With the NIFTY seeing sharp swings in 2026, a popular investing strategy has been making the rounds on finance Twitter and YouTube: deploy ₹1 lakh every time the index dips 1%. Simple idea. But does it actually beat a regular SIP? And what happens when the market keeps falling? Here's the honest breakdown.
How It Works — Step by Step
Set your baseline
Note the NIFTY level at the start of each month or after your last purchase. This becomes your reference point for the next dip trigger.
Wait for the 1% drop
When NIFTY falls 1% from your reference level — say from 22,000 to 21,780 — that's your trigger. You don't predict, you just react to the number.
Deploy ₹1 lakh into a NIFTY index fund or ETF
Buy an index fund (like UTI Nifty 50 Index Fund) or a NIFTY ETF. Keep it simple — the strategy doesn't work well with individual stocks.
Reset your reference and repeat
After buying, set a new reference price. If the market keeps falling, you'll get more chances to buy. If it recovers, you wait for the next dip.
Dip Buying vs Regular SIP — Real Comparison
| Factor | Dip Buying Strategy | Regular Monthly SIP |
|---|---|---|
| When you invest | Only on dips | Fixed date every month |
| Capital required | Large reserve needed | Any amount monthly |
| Average cost | Lower (if market dips) | Smoothed over time |
| Discipline required | High — don't panic sell | Low — set and forget |
| Works best in | Volatile sideways markets | Long-term bull markets |
| Risk if market keeps falling | Capital depletes fast | Continues investing at lower prices |
| Misses bull runs? | Yes — if no dip occurs | No — always invested |
A Real-World Example
📅 March 2026 — NIFTY Volatility Scenario
NIFTY starts the month at 22,500. Here's how the dip strategy would have played out:
- March 5: NIFTY drops to 22,275 (−1%) → Deploy ₹1 lakh
- March 9: Drops further to 22,050 (−1% from last buy) → Deploy ₹1 lakh
- March 14: Recovers to 22,400 — no action
- March 18: Drops to 22,175 (−1%) → Deploy ₹1 lakh
Total deployed: ₹3 lakh over the month, at three different lower price points. Average buy price is lower than if you'd invested ₹3 lakh in one shot at the start of the month.

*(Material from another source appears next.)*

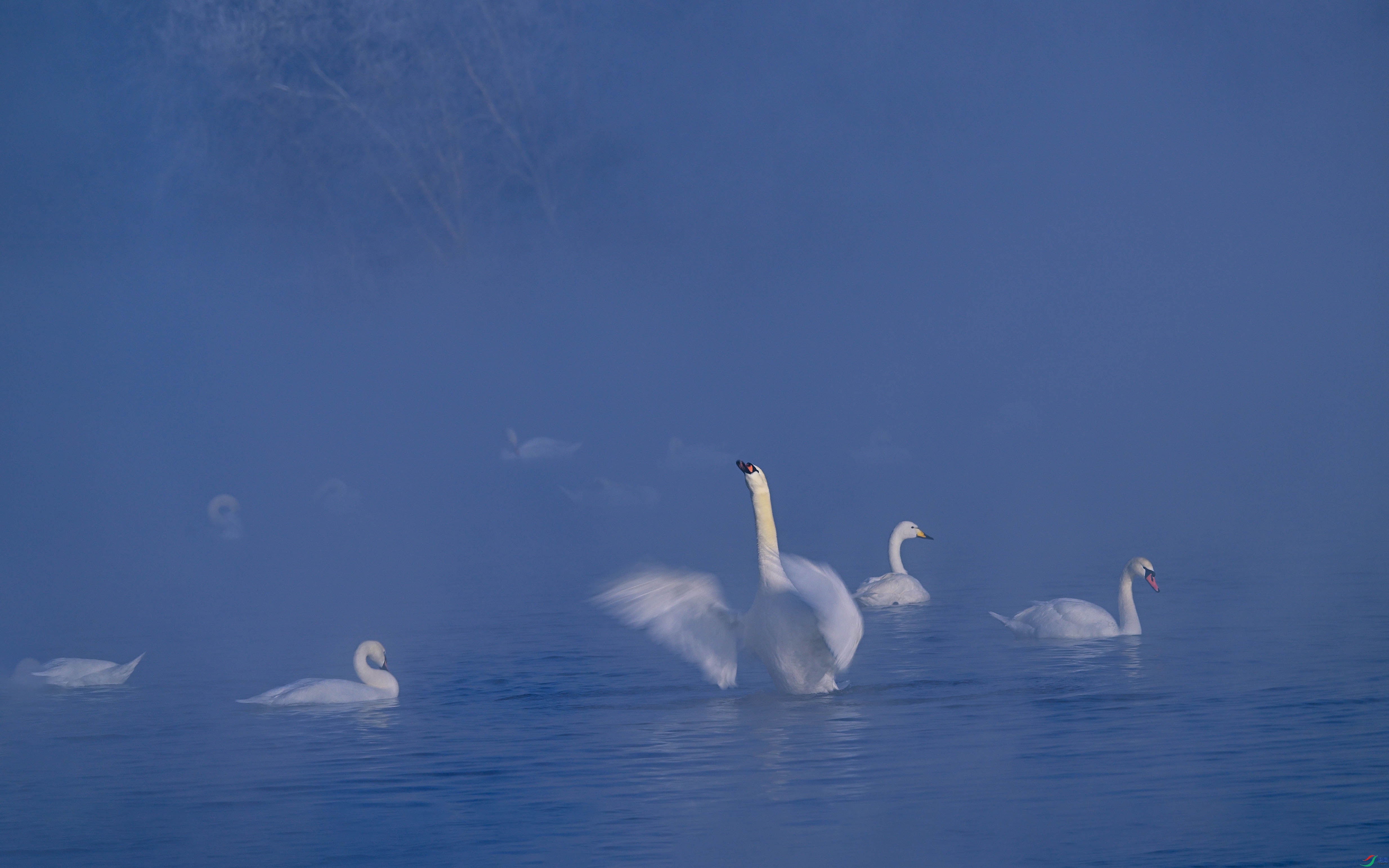 _DSC4097.JPG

What People Get Wrong About This Strategy
Myth 1: It guarantees better returns than SIP. It doesn't. If the market dips and keeps falling, you deplete your reserve buying at "lower" prices that turn out to not be the bottom. SIP would have kept investing through the entire fall automatically.
Myth 2: You need ₹1 lakh exactly. The amount is flexible. The principle works with ₹10,000 per dip too. Scale to your investable surplus.
Myth 3: This replaces your SIP. Most financial planners suggest running both — a core SIP for discipline, and a separate dip-buying corpus for opportunistic deployment. Don't cannibalize your long-term SIP for this.
Who This Works Best For
This strategy suits investors who already have a running SIP, have surplus capital (₹5–20 lakh range) they want to deploy tactically, are comfortable watching market levels without panic-selling, and have a 3–5 year+ investment horizon to let the strategy play out.
It is not suitable for first-time investors, anyone without an emergency fund already in place, or people who will panic and sell when the market continues to fall after their dip purchase.
Frequently Asked Questions
Should I do this with NIFTY 50 or NIFTY Next 50?
NIFTY 50 is safer and more liquid — better for this strategy. NIFTY Next 50 is more volatile, which means more dip opportunities but also deeper drawdowns. Stick with NIFTY 50 as your core vehicle.
What if the market drops 10% in one week — do I deploy all at once?
Stick to the 1% trigger rule — each 1% drop is one deployment, not the entire corpus at once. A 10% drop would trigger 10 separate deployments if each 1% level is hit sequentially. This is the discipline that makes the strategy work.
How much should I keep as my dip-buying reserve?
A common approach: keep 6–12 months of ₹1L deployments ready — so ₹6L to ₹12L in a liquid fund. This gives you enough ammunition for most volatile periods without over-committing to idle cash.